彼女たちのプライド。 |
ひとつめは、坂東玉三郎さんが監督した『外科室』。
泉鏡花の原作で、吉永小百合さんが主演です。
全編ため息の出るような美しさ。
玉三郎さんの美意識が凝縮された50分でした。
たった1度、見つめ合っただけの、そういう「恋」というものが果たして存在するのか、
でもこれを観ると、なんだかうなずいてしまう説得力があります。
後半の、つつじの咲く美しい庭を、ただただそぞろ歩く、絵のような伯爵の一家。
夢と現実のあわいのような、いにしえの幻のような映像。
それとは対照的に、前半の伯爵夫人の、身分の下の人間に対するものの言い方にはっとしました。

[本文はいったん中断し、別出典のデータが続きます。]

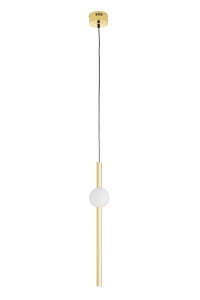 PENDUL LIBRA 60, AURIU/ALB, DIN METAL SI STICLA, STIL MODERN - Img 2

(小百合さんはインタビューの中で「伝法な」と言っていました。)
低い声、突きつけるような言い方で、自分の決して明かせない秘密について語るのです。
そこに、彼女のプライドと一途さを感じました。
もうひとつはキーラ・ナイトレイ主演の『プライドと偏見』。
こちらも18世紀という、現代からは離れた時代設定です。
この時代、女の子が女の子でいるということがとても大変で、
(なにせ女性には相続権がないのです!)
つまり結婚することが人生の最大の目標、という今では考えられない状況にありながら、
自分というものを保ち、プライドを持って生きていく主人公。
キーラ・ナイトレイは『パイレーツ・オブ・カリビアン ワールズ・エンド』で、
とうとう船長にまでなりましたが、
ボーイッシュできらきらした魅力が、ここでもあふれていました。
それに加えて、ケイト・グリーナウェイの絵に出てくるようなドレスをまとい、
すぅっとした長い首から肩にかけての線の美しさを見ていると、
まるでロセッティの絵から抜け出してきたような優雅さを感じます。
どちらの映画も、背景の美しさと、主人公それぞれの凛とした表情がすてきな映画でした。
余談ですが、『外科室』は、公開当時Fuuちゃんと2人で観に行った映画です。
あまりにも感激して、続けて2回観ました。
(その時は入れ替え制ではなかったのです。)
なのに、今回改めて観て、内容をほとんど覚えていませんでした…ショック。